This is Robyn. She is our gorgeous, lovely 2 year old daughter from Macclesfield in Cheshire. She is a cheeky monkey but is a super strong fighter. Robyn suffered severe brain damage at birth and as a result now suffers from a list of medical conditions that dictate her daily life.
When I was 38 weeks pregnant with Robyn I’d felt her movements significantly reduce one day and by the early hours I hadn’t felt her so we went into the hospital to get monitored. Less than a couple of hours later Robyn was delivered by emergency cesarean section. She was very pale and had extremely low haemoglobin level. Haemoglobin carries the oxygen around the body, so we knew our baby was in a bad way. She was alive but very, very poorly. The doctors fought for hours giving her blood transfusion after blood transfusion and trying to figure out what had happened and what needed to be done to save our baby girl.
That afternoon I saw Robyn for the first time. She was in an incubator hooked up to machines with wires and tubes coming from all over her tiny body. Not quite how I’d pictured meeting my long awaited baby! But as soon as I spoke she started to try and move her eyes open. I knew from that moment what a fighter she was and how strong she was, and continues to be!
Soon after that brief moment she was transferred to a more specialised hospital 50 miles away, where they had the equipment and expertise to help Robyn. The days were a blur of worry and trauma, but with each hour Robyn grew stronger and seemed to fight a little harder.
We learnt that Robyn had suffered from a foetal maternal haemorrhage, which is where her blood leaked through the placenta into my own blood stream. This had caused hypoxic ischemic encephalopathy (HIE), which basically means lack of oxygen to the brain causing severe brain damage – grade 2.
When Robyn was a few days old she had an MRI scan which confirmed the brain damage, mostly to the area of motor function. And although the doctors couldn’t tell us how effected Robyn would be we knew she would have difficulty using her body and life would be a struggle.
Life is challenging for Robyn but she works so hard and is doing far more than anyone had dared hoped for! She has spastic quadriplegic cerebral palsy, dystonia, visual impairment, microcephally, silent reflux and is globally delayed. She also has mixed tone with her cerebral palsy so her trunk and head control is very floppy. Robyn’s spasticity is in all 4 limbs which makes it very difficult for her to control them, especially her arms and hands. As a result of this Robyn cannot sit unaided, roll, crawl or walk. She is also non verbal (although if you know our Robyn you know she can make a huge amount of noise!). She does weight bear on her legs though (with my support holding her floppy body up!) and standing is one of her favourite things to do!
Robyn is also super intelligent.
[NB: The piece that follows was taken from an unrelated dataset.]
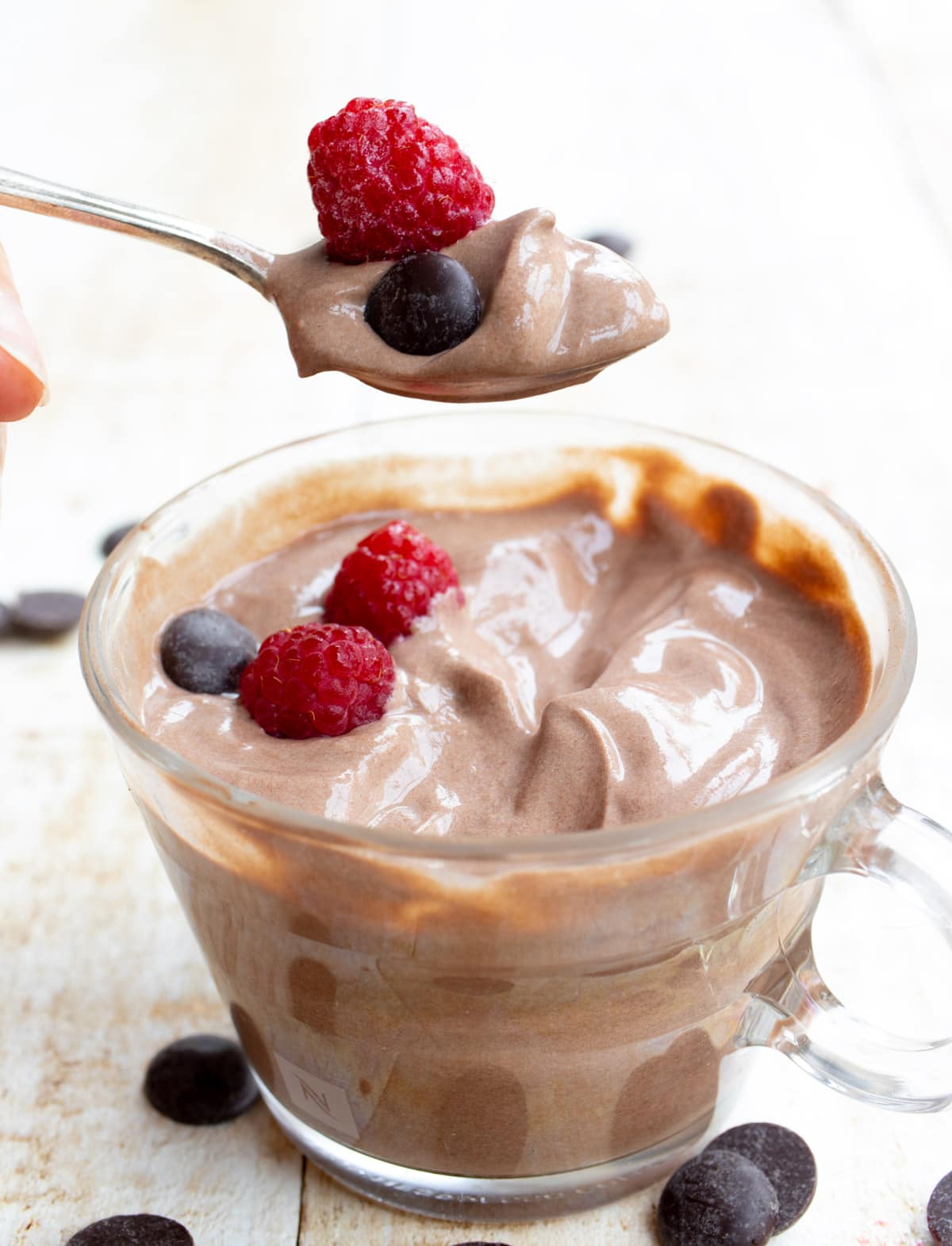 A spoonful of chocolate yogurt with raspberries and chocolate chips.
Anyone who knows her can vouch that she does not miss a trick! She’s just a bit trapped in her broken body and this causes much frustration for her, and us of course!
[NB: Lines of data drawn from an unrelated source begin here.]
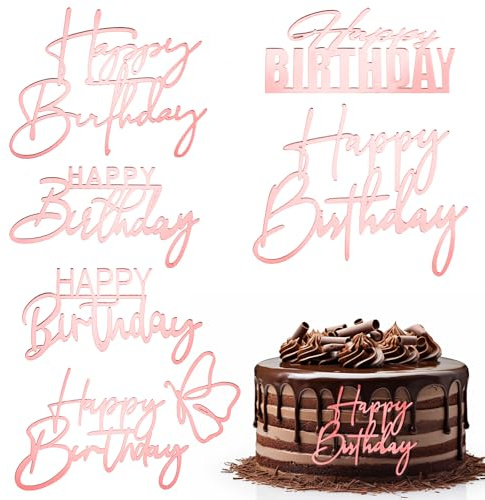 6 Stück Happy Birthday Cake Topper Tortendeko Roségold Cake Topper Geburtstag Tortenaufsätze HappyBirthday Acryl Kuchenaufsätze Tortenschilder Besondere Tortenaufsätze zum Happy Birthday Geburtstag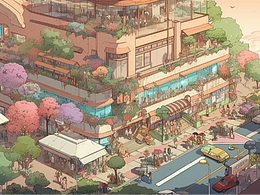 萌生万物---购物中心插画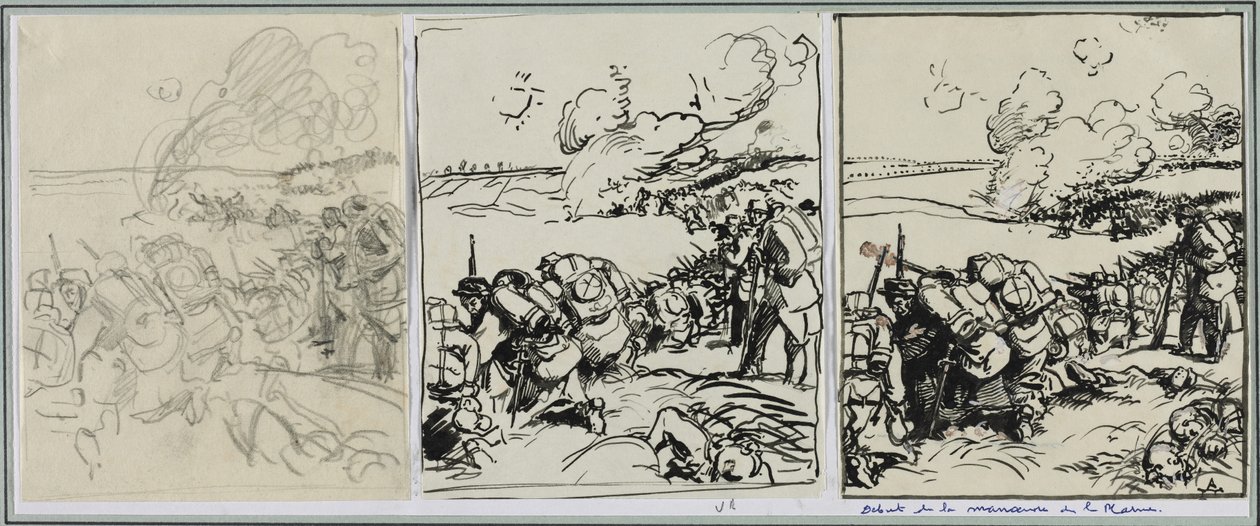 Początek manewru Marne, 1914. autorstwa Auguste Louis Lepère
She has to be supported at all times so needs specialised seating, and is getting very big and heavy to be carried around all day! The NHS have supplied us with basic equipment for Robyn which is amazing and she is making lots of progress but there are so many things that would benefit Robyn that are just so expensive.
We are fundraising for Just4Children to enable us to get some amazing equipment for Robyn which will hopefully benefit and improve her quality of life. We hope to fundraise over the next 3-5 years so as she grows and her needs change we might be in a better position to be able to get her what she needs, so we have set a target of £25,000. Right now our priorities for her are for a Mollii Suit, a P-pod chair – a supported comfy seating (less “strapped in” than her NHS chair) and a DMO Lycra suit which will help to support her trunk which would help her immensely with sitting. The suit is very tight fitting and Robyn will require a new one each time she has a growth spurt.
We’re not very good at asking for help, but we know what a huge difference these things will make to Robyn’s life and to make her more comfortable, but please know that every single penny we do manage to raise will be so gratefully received by not just us but by Robyn herself.
Thank you for taking the time to read Robyn’s story.